Выбрать главу

«Что это? Угрызения совести? Или… быть может — то Любовь меня так гложет?»

— Пути назад не будет… — тихо повторил он.

— Я знаю, — прошептал юноша, — и не боюсь…

С приглушенным стоном Данте привлек его к себе.

«Любовь?! Да будет так, — подумал он, покрыв легкими поцелуями доверчиво подставленное лицо. — Да будет так…»

Замерев на мгновение, он вновь вгляделся в чистые, наполненные любовью глаза и приник к мягким губам Тимоти, даруя настоящий чувственный поцелуй, круша и растаптывая последние хрупкие барьеры, удерживающие это невинное создание от падения. Все к черту!

От неторопливого, глубокого поцелуя у Тимоти закружилась голова и, наверное, он бы упал, если бы не вцепился в сильные плечи возлюбленного, невольно стягивая с них жалобно затрещавшую рубаху. Габриэль отстранился и, одним движением избавившись от нее, отшвырнул в сторону. Вид полуобнаженного итальянца окончательно затмил разум Тимоти. Он тесно прижался к горячему телу и тихо застонал, явственно ощутив его желание. Данте ответил таким же едва слышным стоном, скользя руками по вздрагивающей спине юноши и осторожно подталкивая к огромной кровати. Мягко опрокинув его на спину, он навис над ним, тяжело дыша и вопросительно заглядывая в горящие от возбуждения глаза.

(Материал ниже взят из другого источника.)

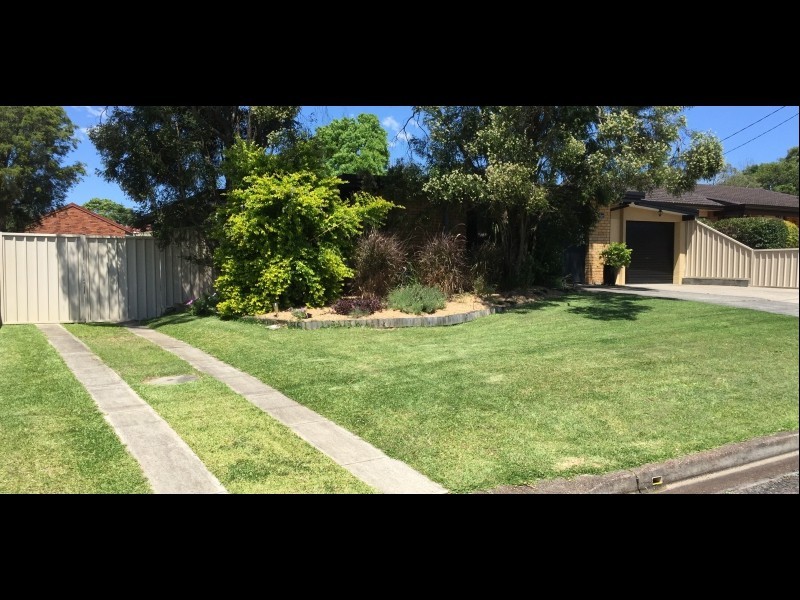 7 Lindfield Avenue, Cooranbong NSW 2265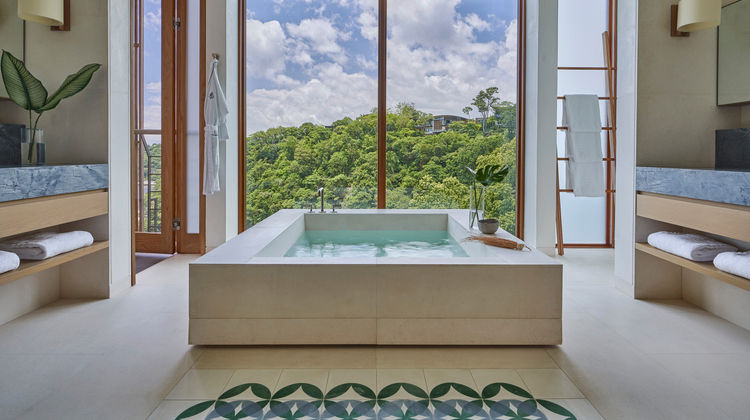 Four Seasons Resort Peninsula Papagayo Room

— Хочу быть твоим, — выдохнул Тимоти, отвечая на немой вопрос. — Иди, одним желаньем мы объяты…****

Габриэль приник к стройному горячему телу.

— Мне кажется, что я сейчас лишусь рассудка… — прошептал он, вновь захватывая в плен сладкие припухшие губы, проникая под ткань простой рубахи, сминая ее, обнажая бархат упругой кожи.

Прикрыв глаза, Тимоти безропотно позволил раздеть себя. Он больше не смущался своей наготы, наоборот, он купался в восторженном взгляде, скользящем по его обнаженному телу и страстно желал большего, но было немного страшно.

— Габриэль… я никогда раньше…

— Я знаю, любовь моя. Доверься мне, — ответил Данте, покрывая его лицо и шею обжигающими поцелуями, — просто доверься мне.

Тимоти кивнул и закрыл глаза.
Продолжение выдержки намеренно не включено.